Coroutines for Rust

6 December 2011

I have been thinking about unique closures, one of the last blocker items for the Rust 0.1 release. The original idea of a unique closure was that it should be a closure that can only access uniquely owned state, and which can therefore be sent to other tasks. However, I’ve come to have my doubts about this idea. In particular, a unique closure, like any closure, is a function, and can therefore be invoked many times: but this imposes some limits on what such a closure can safely do.

As an example, a closure that brings in a unique pointer cannot move it anywhere else (it could safely swap the pointer): if it did do the move, what would happen the next time the closure was called? You can’t move the same variable twice.

Procedures

Therefore I’ve been thining about introducing the notion of procedures. A procedure is basically a one-shot closure. The user would create a coroutine using the keyword proc:

let p = ~proc(f: uint) {
    log_err f;
};

The result of this proc expression would be proc::t<uint>. As you can see, procedures do not have function type and cannot be called like other functions. They can accept arguments whose value will be provided when the function is called: if there are multiple arguments, they are packaged up into a tuple type. If no arguments are specified, the () may be omitted altogether (e.g., just proc {...}).

As an aside: this approach cannot accomodate modes. But I want to make those less vital.

Invoking a procedure is done by the proc::call() function:

proc_call(p, 3u);

proc::call() takes the the procedure and the argument to the procedure and executes it. The definition of proc::call() is as follows:

fn proc_call<A>(-p: ~proc::t<A>, a: A)

Capture clauses in procedures

By default, procedures can only access upvars from the environment that are implicitly copyable. However, using a capture clause, procedures can copy or move other upvars into scope:

fn xfer(x: ~T) {
    let p = ~proc[move x]() {
        // x is accessible here.  It can be 
        // moved, copied, whatever.
    }
    // x is inaccessible here!
}

Procedures as building blocks

One of the design goals for unique closures was to support task libraries. I believe procedures can satisfy this requirement. For example, suppose we wanted to have a task library that implicitly created a channel of type any for every task:

fn spawn_chan_task<A>(-p: ~proc::t<(chan<any>)>) {
    let c: chan::t<any> = /* create channel */;
    spawn proc[move p, c] {
        proc::call(p, c);
    };
}

That example is surely wrong in every particular as I am not that familiar with the chan API and don’t feel like looking it up. But hopefully you get the idea: you can create a channel and then invoke the procedure, passing it the channel. Using spawn_chan_task() would then be something like:

spawn_chan_task proc(c: chan<any>) {
    ...
}

Convenient syntax

The proc keyword should allow procedures to be passed as argument much like blocks, in other words without parentheses. There is a bit of confusion because proc doubles as a module. I’m OK with that but others may not be.

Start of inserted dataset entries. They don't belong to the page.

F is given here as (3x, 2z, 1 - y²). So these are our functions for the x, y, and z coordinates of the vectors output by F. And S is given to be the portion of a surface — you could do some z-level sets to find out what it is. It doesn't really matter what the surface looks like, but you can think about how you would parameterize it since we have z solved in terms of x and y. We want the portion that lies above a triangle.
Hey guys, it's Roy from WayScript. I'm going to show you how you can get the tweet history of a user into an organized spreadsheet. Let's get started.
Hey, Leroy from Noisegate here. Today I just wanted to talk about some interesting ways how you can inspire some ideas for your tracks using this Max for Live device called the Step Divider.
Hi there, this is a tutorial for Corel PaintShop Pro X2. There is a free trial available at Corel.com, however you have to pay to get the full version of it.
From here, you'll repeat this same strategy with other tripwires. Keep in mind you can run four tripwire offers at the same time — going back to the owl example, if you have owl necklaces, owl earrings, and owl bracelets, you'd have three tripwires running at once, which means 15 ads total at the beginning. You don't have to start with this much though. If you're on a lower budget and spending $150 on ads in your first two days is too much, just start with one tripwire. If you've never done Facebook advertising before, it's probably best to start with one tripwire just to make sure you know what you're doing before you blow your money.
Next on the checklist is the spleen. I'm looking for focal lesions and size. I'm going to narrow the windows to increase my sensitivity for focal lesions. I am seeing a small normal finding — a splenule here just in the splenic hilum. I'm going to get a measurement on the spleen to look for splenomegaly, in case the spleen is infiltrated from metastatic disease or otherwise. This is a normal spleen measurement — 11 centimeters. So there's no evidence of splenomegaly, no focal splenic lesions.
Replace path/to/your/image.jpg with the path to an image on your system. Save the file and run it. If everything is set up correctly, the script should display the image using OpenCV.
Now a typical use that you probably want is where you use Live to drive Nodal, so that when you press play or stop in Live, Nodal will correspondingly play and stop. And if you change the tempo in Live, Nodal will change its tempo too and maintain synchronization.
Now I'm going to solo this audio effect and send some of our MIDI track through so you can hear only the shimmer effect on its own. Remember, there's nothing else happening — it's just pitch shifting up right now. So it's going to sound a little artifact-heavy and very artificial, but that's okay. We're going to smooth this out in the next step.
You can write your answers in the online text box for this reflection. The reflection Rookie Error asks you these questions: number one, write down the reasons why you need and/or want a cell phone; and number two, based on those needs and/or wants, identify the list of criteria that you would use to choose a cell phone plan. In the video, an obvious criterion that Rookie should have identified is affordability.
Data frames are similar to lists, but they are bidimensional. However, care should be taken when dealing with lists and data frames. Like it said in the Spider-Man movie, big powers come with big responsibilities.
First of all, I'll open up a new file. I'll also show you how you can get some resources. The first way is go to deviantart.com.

Generalizing procedures: coroutines

Procedures are actually a simplification of full-fledged coroutines (a.k.a., iterators, delimited continuations, and many other names). The main difference is that, whereas a procedure executes once, a coroutine can yield an arbitrary number of times back to its creator. I originally wanted to implement full-fledged coroutines. The design is similar: the proc keyword is replaced by coro. Many other aspects remain the same. I am still more-or-less in favor of this idea, but there are certain complications: primarily, when can yields occur and how do you type them?

The simplest approach is probably to have the yield occur only in the coroutine body. So you can then write put x (to use the traditional Rust keyword). If you want to delegate to another coroutine, you can write coro::put_all() which expects a coroutine as argument.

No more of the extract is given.